-- Activity --
In the copy, include exactly the lines from the one with "Before And After" through the end of the data and no others, both ends kept, with every picture left out.

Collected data
Segment Open

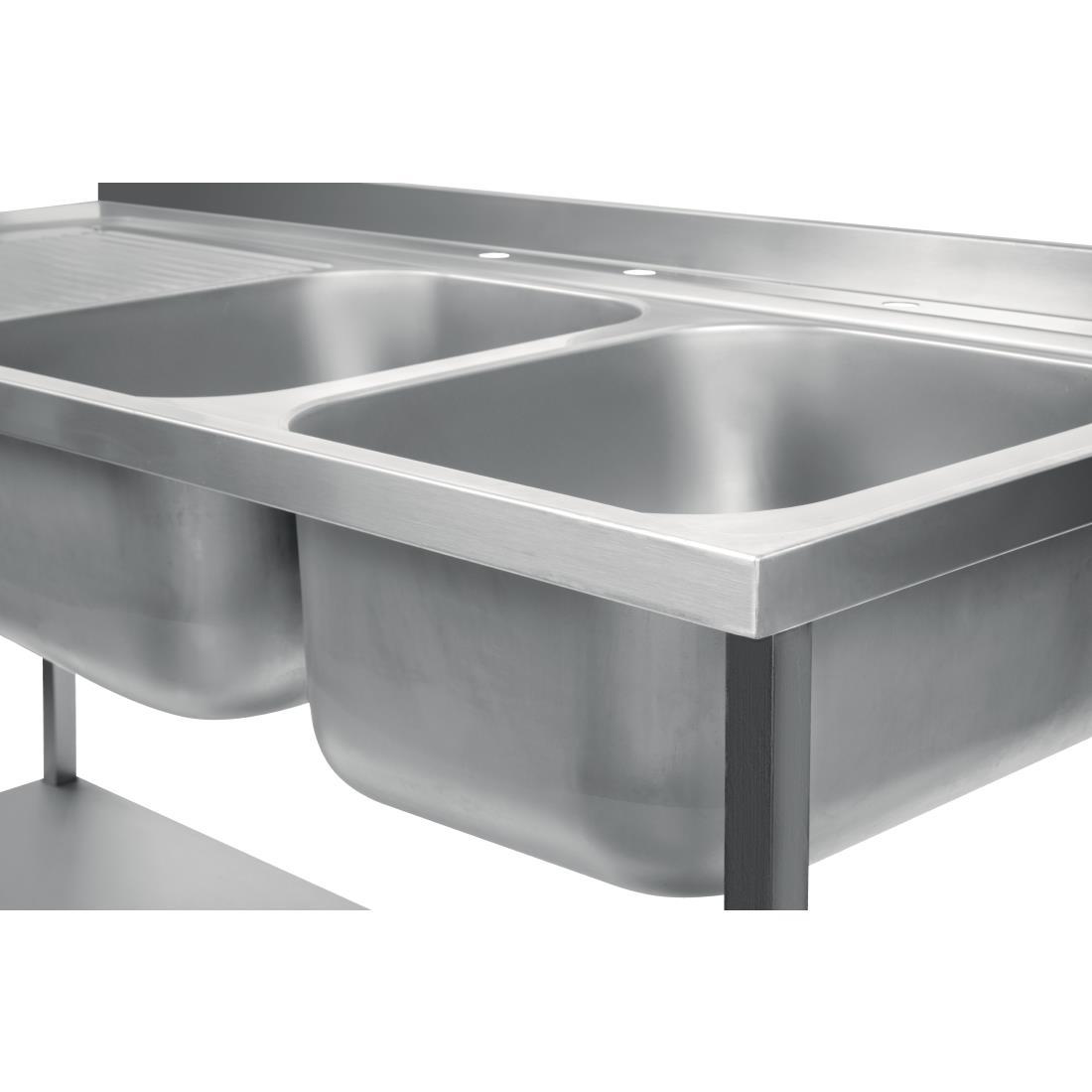 Holmes Fully Assembled Stainless Steel Sink Left Hand Drainer 1800mm - DR395  - 4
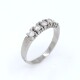 Anillo en oro 18k blanco y brillantes Anillo en oro 18k blanco y brillantes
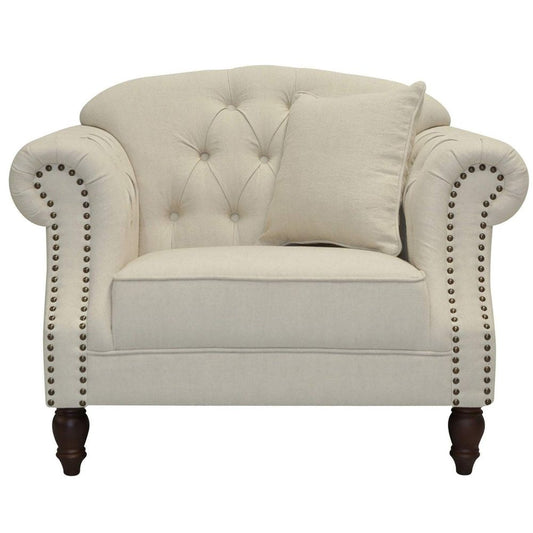 Vaucluse Buttoned Armchair Beige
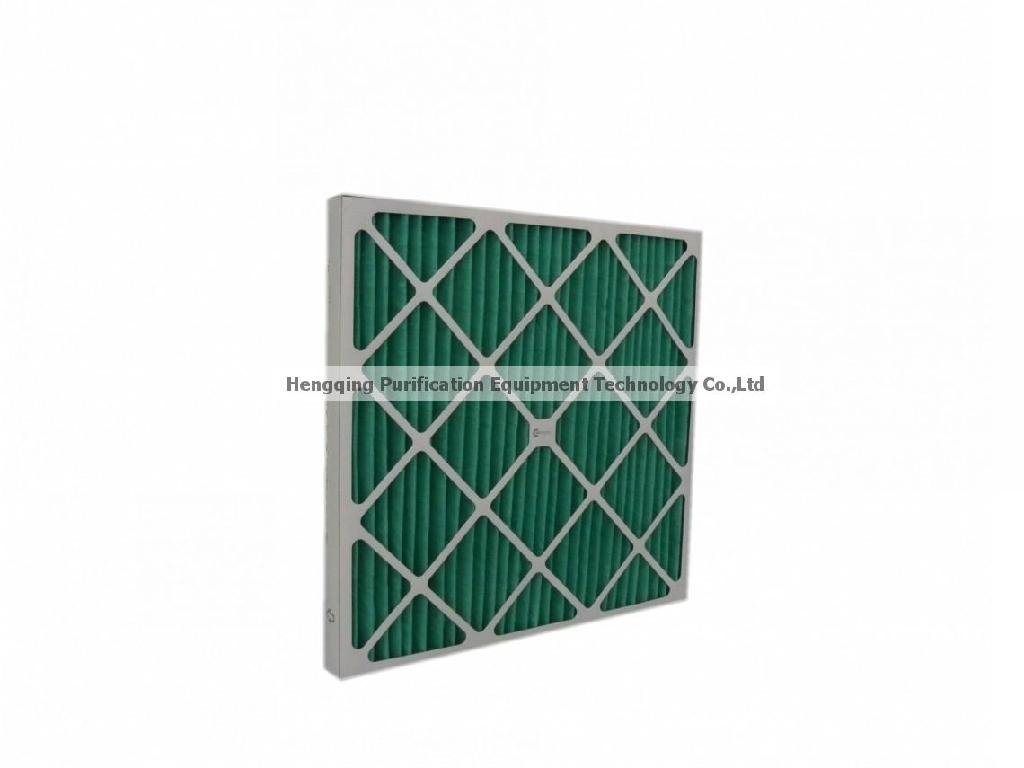 G4 cardboard disposable mini pleat panel pre air filters 2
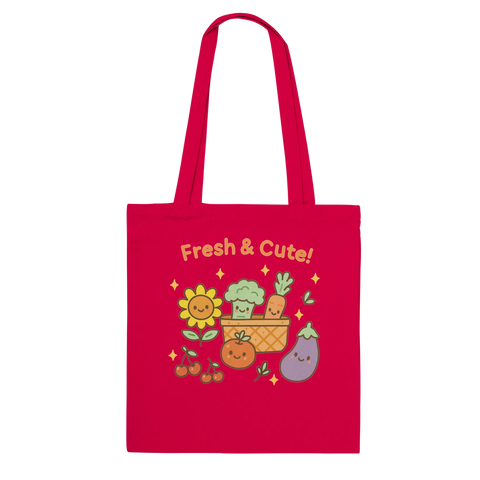 Kawaii Farmer's Market Tote Bag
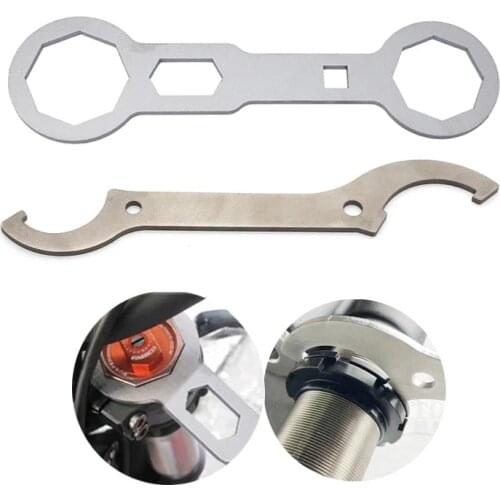 Before And After The Motorcycle Fork Suspension Shock Stainless Steel Hook Spanner Tool For Yamaha CRF KXF YZF Motocross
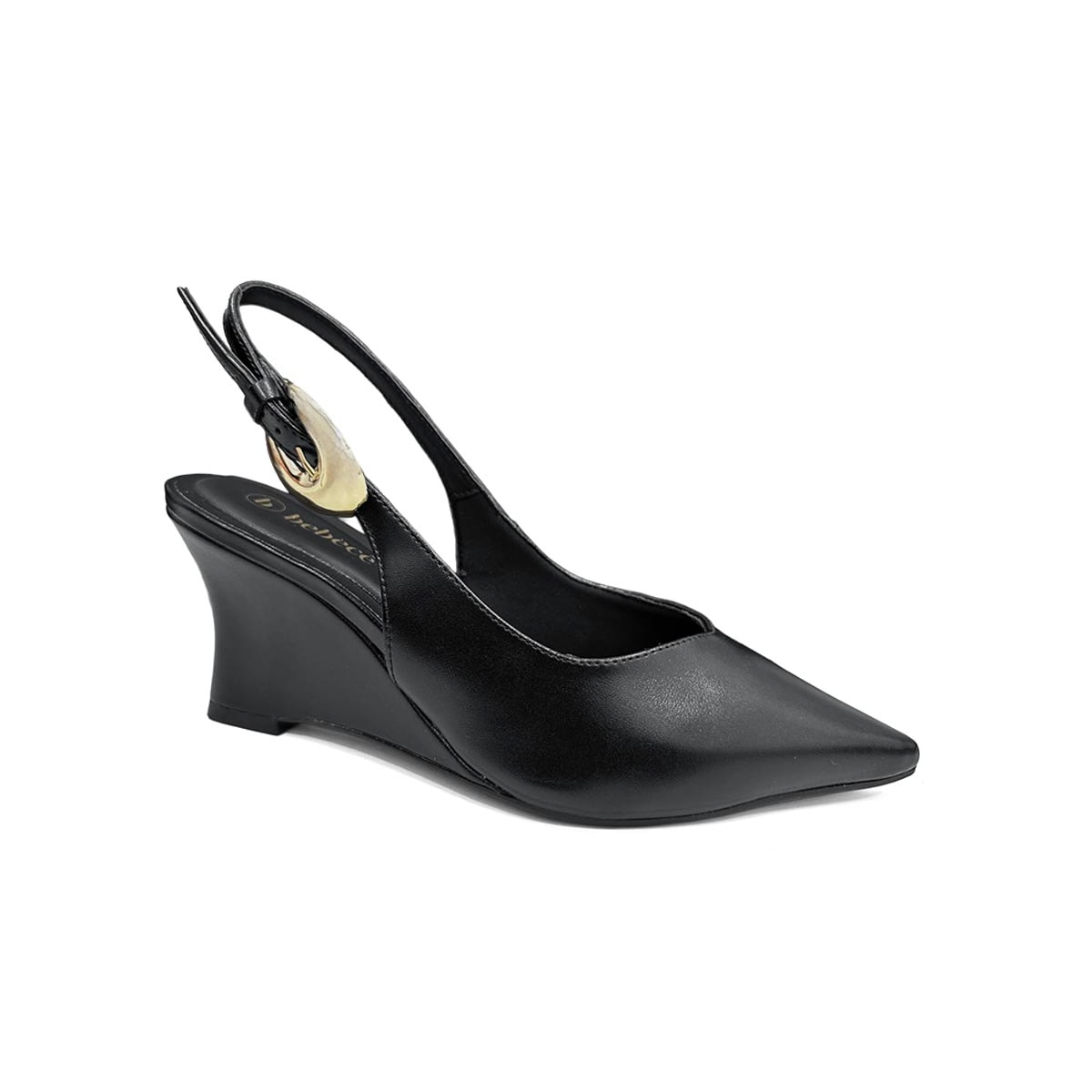 Sapato Bebecê Slingback T7033-041 Preto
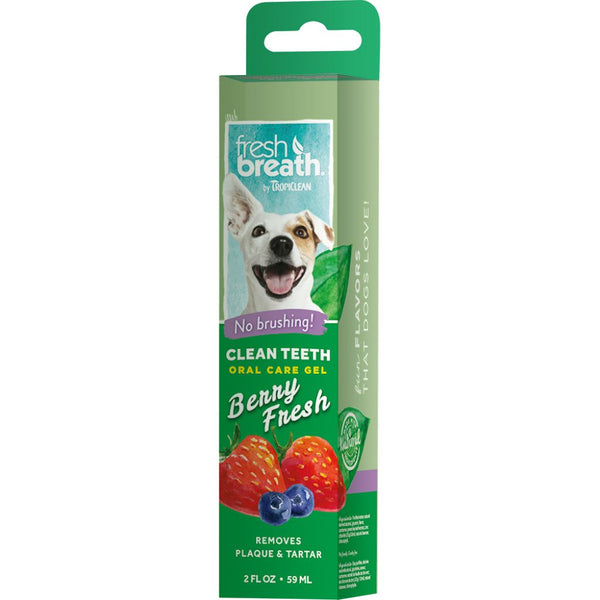 Tropiclean Fresh Breath Berry Fresh Clean Teeth Gel, 2 oz
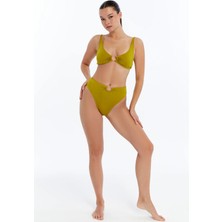 Lovely Things Crystal Balconette Bikini Üst Sütyen - Açık Yeşil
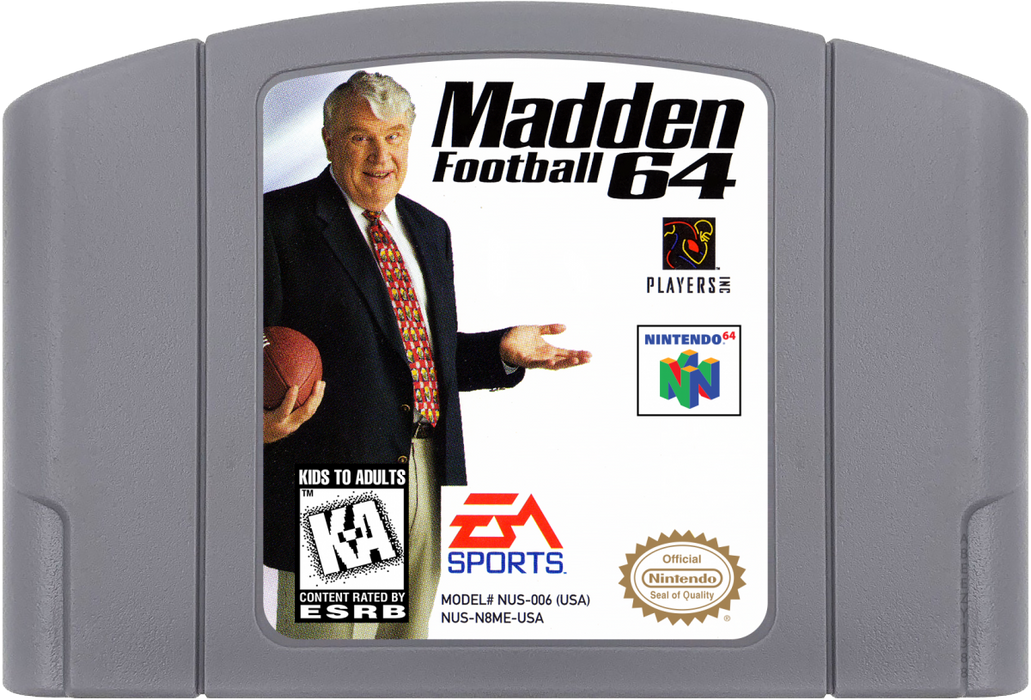 Madden NFL Football 64 – Nintendo 64 (N64) - for just $4.99! 
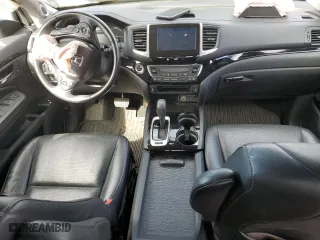 2017 Honda Ridgeline RTL-E with VIN 5FPYK3F71HB032303, listed as a Copart auction lot 46462285 with 0 mi miles and Salvage Title. Bid and sale history available at carsss.com. Image 8.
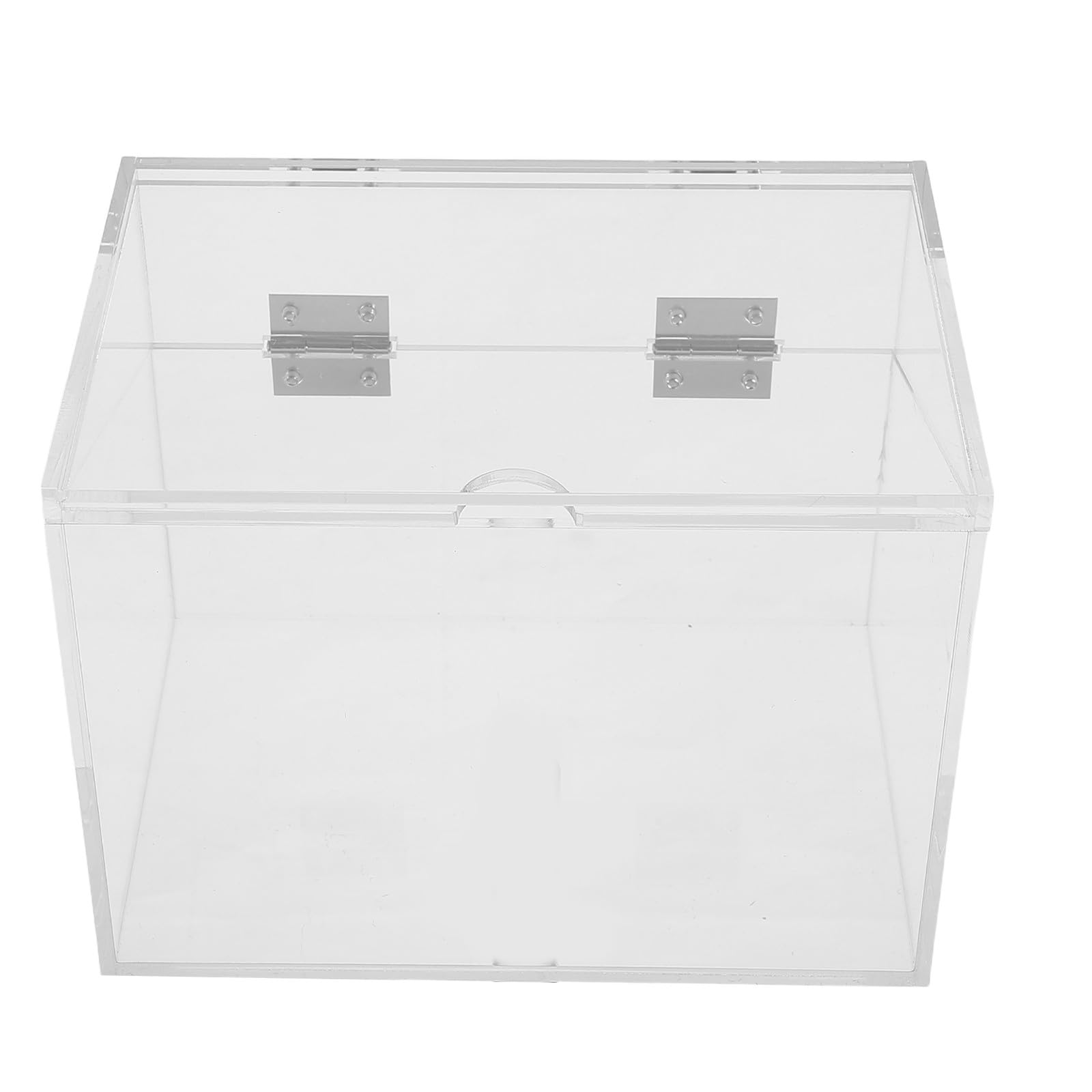 Boîte de rangement pour notes adhésives SHINEOFI transparente pour bureau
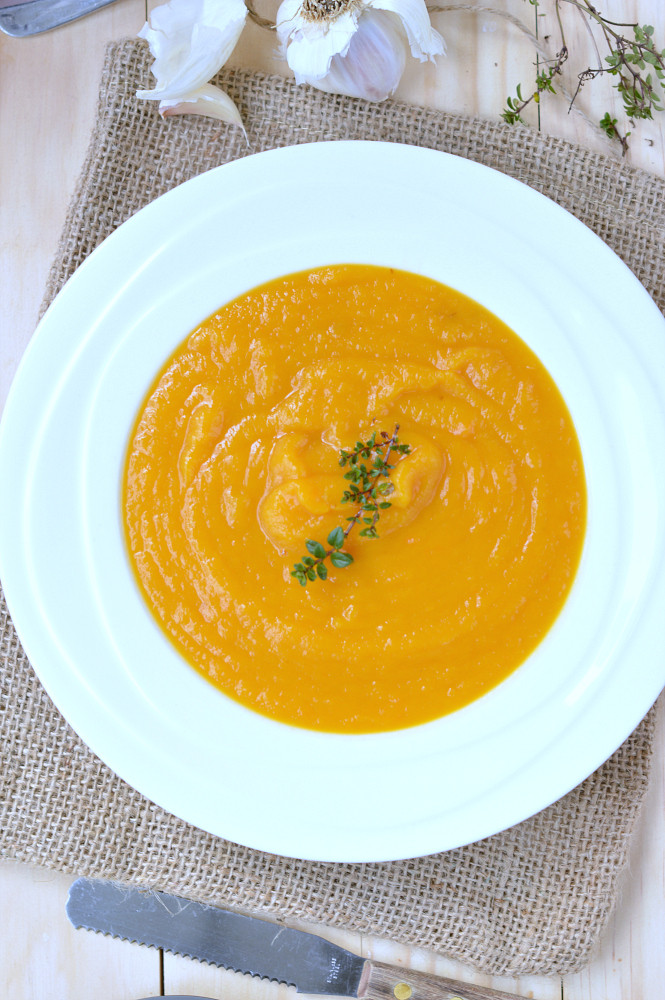 Easy Butternut Squash Soup
 Butternut Squash Carrot Ginger Soup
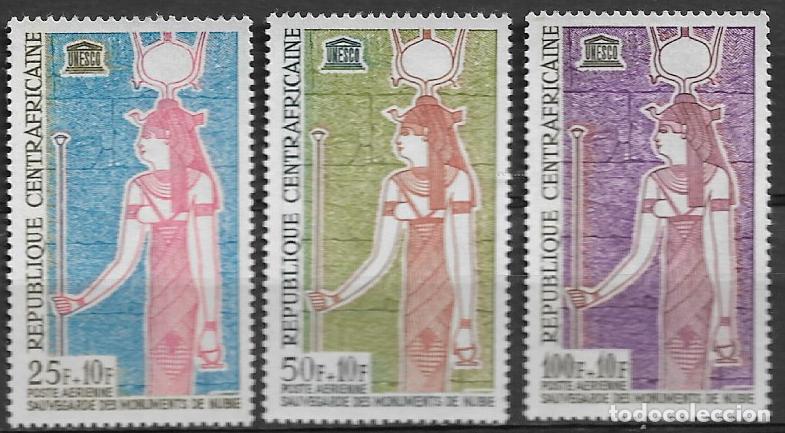 Sellos: CENTROAFRICANA 1964, Ivert A-18/20 - UNESCO. MNH.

Segment Closed

-- Response for this exercise --
 Before And After The Motorcycle Fork Suspension Shock Stainless Steel Hook Spanner Tool For Yamaha CRF KXF YZF Motocross
 Sapato Bebecê Slingback T7033-041 Preto
 Tropiclean Fresh Breath Berry Fresh Clean Teeth Gel, 2 oz
 Lovely Things Crystal Balconette Bikini Üst Sütyen - Açık Yeşil
 Madden NFL Football 64 – Nintendo 64 (N64) - for just $4.99! 
 2017 Honda Ridgeline RTL-E with VIN 5FPYK3F71HB032303, listed as a Copart auction lot 46462285 with 0 mi miles and Salvage Title. Bid and sale history available at carsss.com. Image 8.
 Boîte de rangement pour notes adhésives SHINEOFI transparente pour bureau
 Easy Butternut Squash Soup
 Butternut Squash Carrot Ginger Soup
 Sellos: CENTROAFRICANA 1964, Ivert A-18/20 - UNESCO. MNH.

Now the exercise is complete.